# The value of n=?

Mar 2, 2018

The right option is $\left(3\right) 11$.

#### Explanation:

We have, $x \left(x + 1\right) + \left(x + 1\right) \left(x + 2\right) + \ldots + \left(x + \underline{n - 1}\right) \left(x + n\right)$,

$= {\sum}_{m = 1}^{m = n} \left\{\left(x + \underline{m - 1}\right) \left(x + m\right)\right\}$,

$= {\sum}_{m = 1}^{m = n} \left\{{x}^{2} + \left(2 m - 1\right) x + m \left(m - 1\right)\right\}$,

$= {x}^{2} {\sum}_{m = 1}^{m = n} \left(1\right) + x {\sum}_{m = 1}^{m = n} \left(2 m - 1\right) + {\sum}_{m = 1}^{m = n} \left\{m \left(m - 1\right)\right\}$,

$= {x}^{2} \left(n\right) + x \left\{2 {\sum}_{m = 1}^{m = n} m - {\sum}_{m = 1}^{m = n} 1\right\} + \left\{{\sum}_{m = 1}^{m = n} {m}^{2} - {\sum}_{m = 1}^{m = n} m\right\}$,

$= n {x}^{2} + x \left\{2 \cdot \frac{n}{2} \left(n + 1\right) - n\right\} + \left\{\frac{n}{6} \left(n + 1\right) \left(2 n + 1\right) - \frac{n}{2} \left(n + 1\right)\right\}$,

$= n {x}^{2} + {n}^{2} x + \frac{n}{6} \left(n + 1\right) \left(2 n + 1 - 3\right)$,

$= n {x}^{2} + {n}^{2} x + \frac{n}{3} \left({n}^{2} - 1\right)$,

$= n \left[{x}^{2} + n x + \frac{{n}^{2} - 1}{3}\right]$.
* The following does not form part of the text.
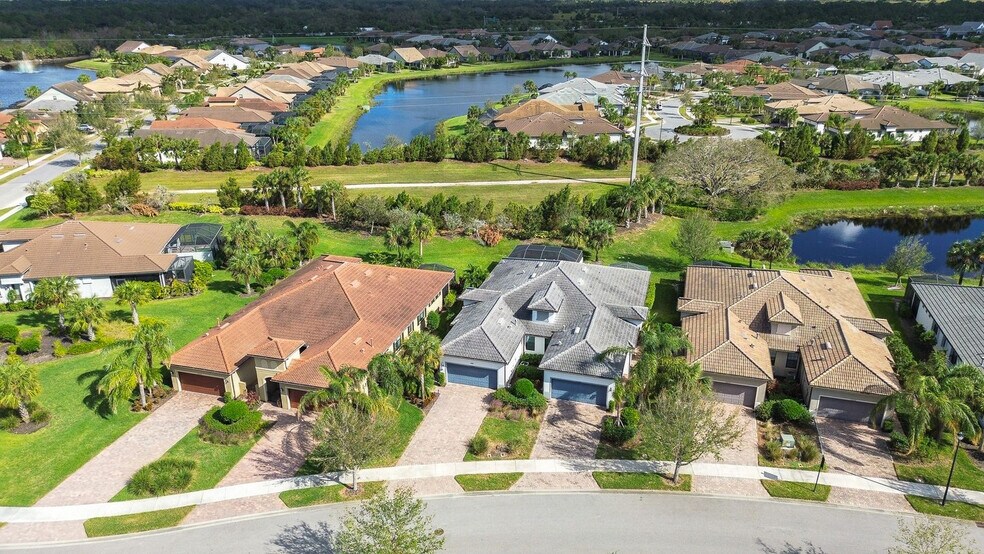 Building Photo - 12241 Marsh Pointe Rd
Accordingly, the given quadr. eqn. becomes [because n ne 0],

${x}^{2} + n x + \frac{{n}^{2} - 1}{3} = 10 , \mathmr{and} , {x}^{2} + n x + \frac{{n}^{2} - 31}{3} = 0$.
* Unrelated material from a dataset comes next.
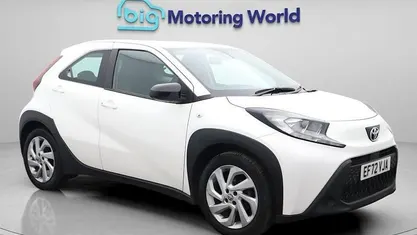 Used Toyota Aygo X PURE 72 HP (52 kW) 2025 SUV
If $\alpha \mathmr{and} \beta$ are roots of this eqn., we have,

$\alpha + \beta = - n , \mathmr{and} \alpha \cdot \beta = \frac{{n}^{2} - 31}{3}$.
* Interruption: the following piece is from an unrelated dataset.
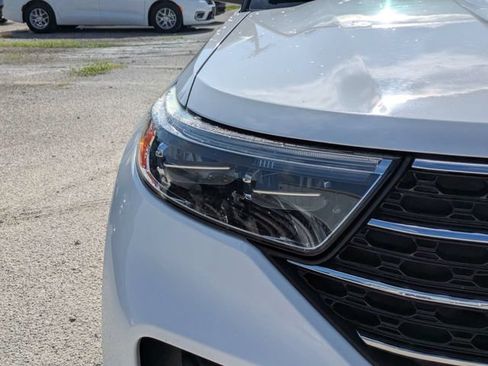 Used 2020 Ford Explorer XLT RWD image 9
$\therefore {\left(\alpha - \beta\right)}^{2} = {\left(\alpha + \beta\right)}^{2} - 4 \alpha \cdot \beta$,

$= {n}^{2} - 4 \left(\frac{{n}^{2} - 31}{3}\right)$,

$= \frac{124 - {n}^{2}}{3}$.

But, given that, $| \alpha - \beta | = 1 , \text{ we have, } 1 = \frac{124 - {n}^{2}}{3}$.

$\Rightarrow {n}^{2} = 121 , \text{ giving, } n = \pm 11$.

$n \in \mathbb{N} \Rightarrow n = 11$.

So, the right option is $\left(3\right) 11$.